You can get raw data from them, in an XML format called OSM. I had a look at that route and it is not ideal. I'll blog on that later. In the meantime, here's one some-else made earlier. Cloudmade have done a nice chunk of processing for us, and generated Shapefiles similar to those I loaded up in the prior post. From here, I can get a zip file containing shapefiles, one of which is 'australia_highway'. I load that the same way I did the others.

They do other countries too and boundaries as well as highways, so if the Australian postcodes/suburbs from the last post weren't useful to you, this resource may help out.

The local_geocode.sql is an example of how I've used the data to do some basic geocoding. To get that code to work in XE, you'd have to get rid of the call to "sdo_geom.sdo_closest_points" as it is new in 11g. Lets hope that OpenWorld will give us a hint on when we may see 11gR2 XE.

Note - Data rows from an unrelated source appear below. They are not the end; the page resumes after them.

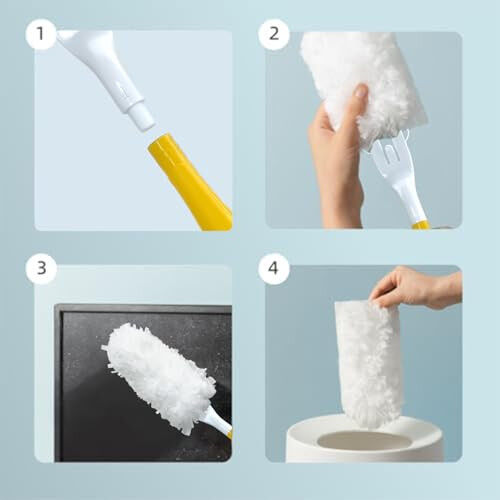 Cubicozy Car Interior Duster - Ultimate Cleaning Tool for Cars, House, and Office - Compact Mini Design for Effortless Dust Removal Double-Sided Design 2handle +10 Duster Refills. - 4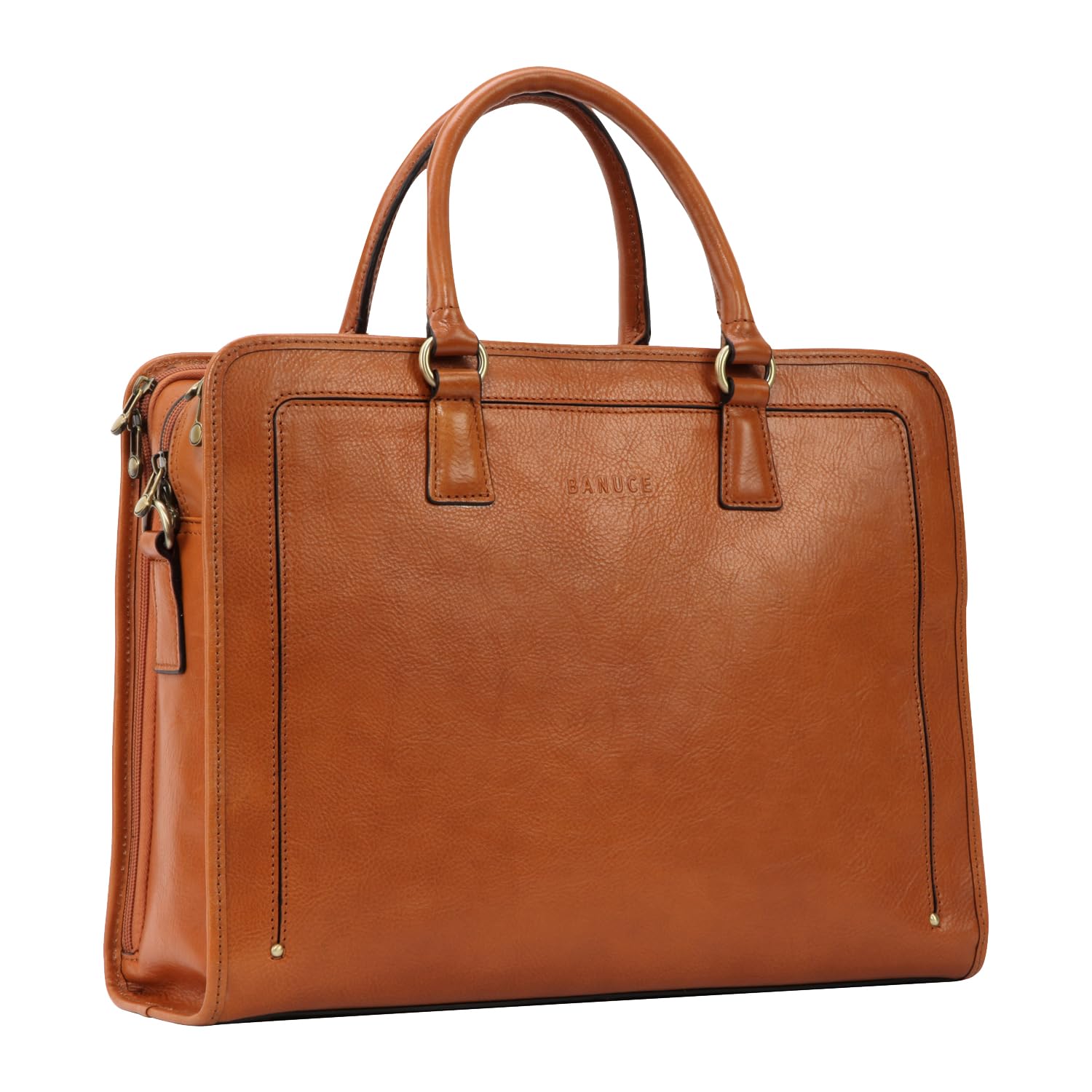 Vintage Italian Leather Briefcase for Women - Genuine Full Grain Leather Laptop Bag, Stylish Business Work Bag, Brown (Perfect for Office, Travel & Professional Meetings)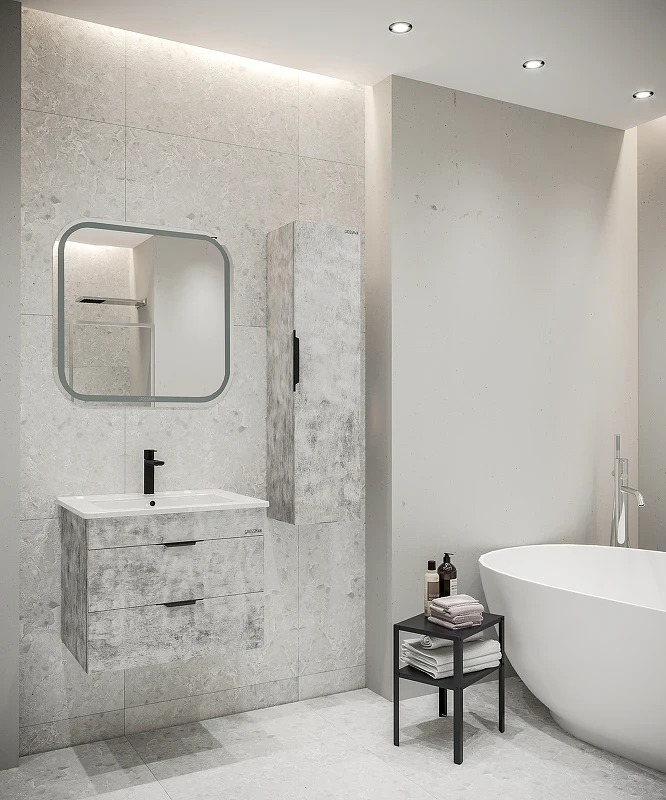Шкаф пенал Grossman Кросс 30 303006 Бетон МДФ / ЛДСП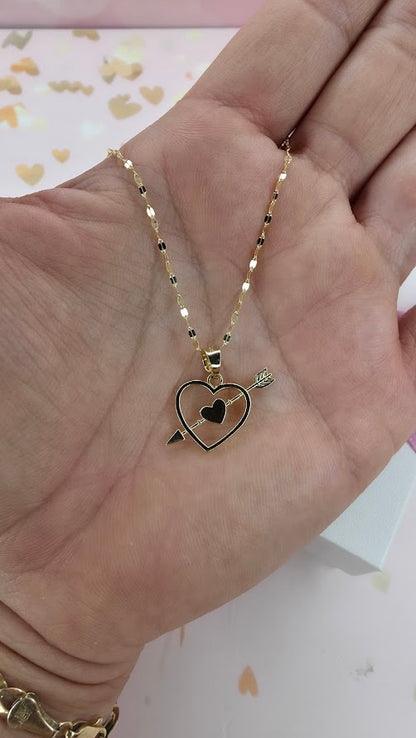 Gargantilla corazón flechado En Oro de 10k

The data isn't at the level of Google. It doesn't do street numbers, for example. Some streets in the source OSM don't have names, and the street next to the one I live in is missing entirely. But if you are trying to determine the closest store for your customer based on their address, it could be good enough. Even if coverage isn't perfect, you may still be able to reduce the amount of calls you make to a "paid for" geocoder (which could reduce the amount you need to pay for it).

Warning: You may be tempted to switch to use sdo_geom.sdo_intersection to find where two streets cross. This is actually part of Oracle Spatial and isn't licensed for use with the basic Locator functionality that comes free with the database. In 10gR2, Locator only included the SGO_GEOM functions SDO_DISTANCE , VALIDATE_GEOMETRY_WITH_CONTEXT, VALIDATE_LAYER_WITH_CONTEXT. In 11g, it includes all subprograms EXCEPT for the following: SDO_GEOM.RELATE, SDO_GEOM.SDO_DIFFERENCE, SDO_GEOM.SDO_INTERSECTION, SDO_GEOM.SDO_UNION, SDO_GEOM.SDO_VOLUME, SDO_GEOM.SDO_XOR.

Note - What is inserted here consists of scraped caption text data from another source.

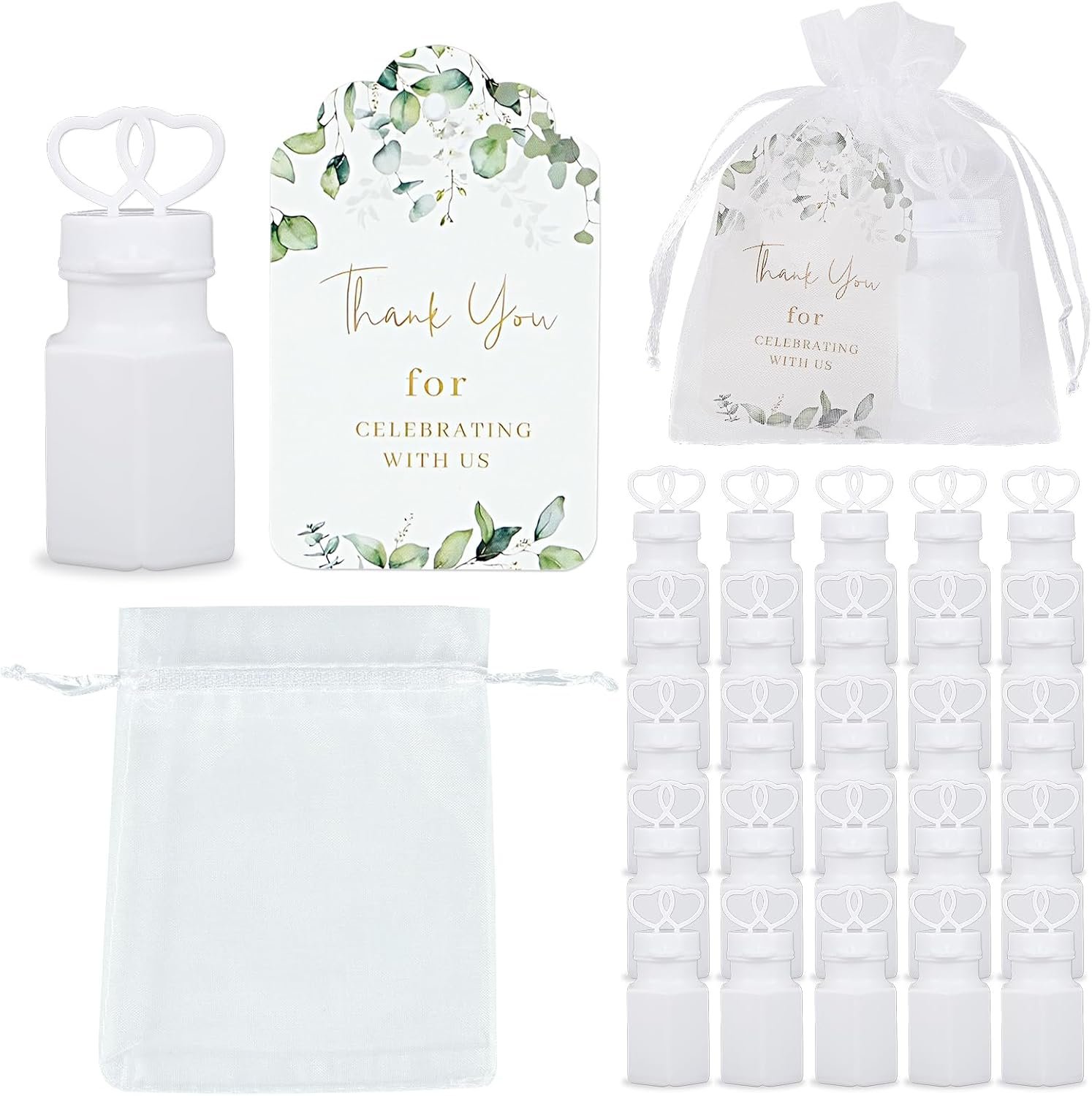 100 Sets Wedding Party Favors White Mini Bubble Bottles Greeting Card Goodie Bag Wedding Bubbles for Guests, Anniversary, Engagement, Celebration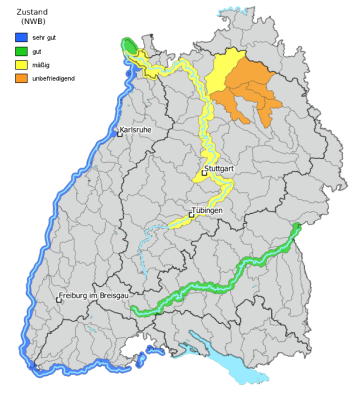  Karte: die Wasserkörper der planktonführenden Flüsse Baden-Württembergs sind eingefärbt mit der Bewertung der Qualitätsklassen des Phytoplankton im Berichtsjahr 2021. Rhein und Donau (56 % der Wasserkörper) sind gut oder sehr gut, Neckar, Jagst und Kocher (44 %) sind mäßig oder schlechter.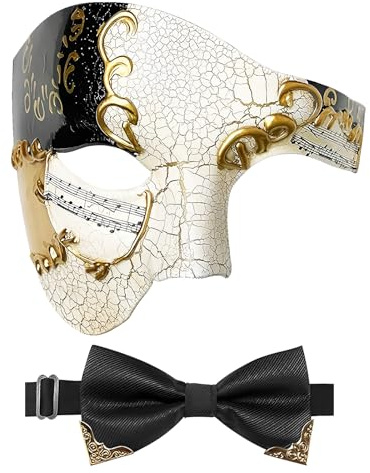IncreDecor Maskeradmask för män, fantom på operan, halv ansiktsmask med fluga, vintage venetianska masker för halloween, kostymfest (svart)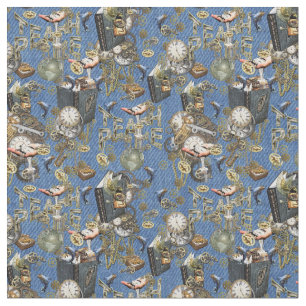 Steampunk on Blue Denim Fabric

With XE, the licensing is less-defined. According to this, Spatial is not included with XE. Logically that would mean sdo_intersection can't be part of Spatial as it is included. And even if it is part of Spatial, then are the license restrictions in either the 10gR2 or 11g 'Spatial' documents applicable. Since though either would preclude sdo_intersection, the last question is probably academic.

A discussion of Spatial vs Locator licensing can be found here. As reported here, the cost of Spatial has risen from an arm and a leg to boths legs, one arm and an ear (or by 52% in dollar terms).

1 comment:

sydoracle said...

Code now located at http://www.sydoracle.com/Codespace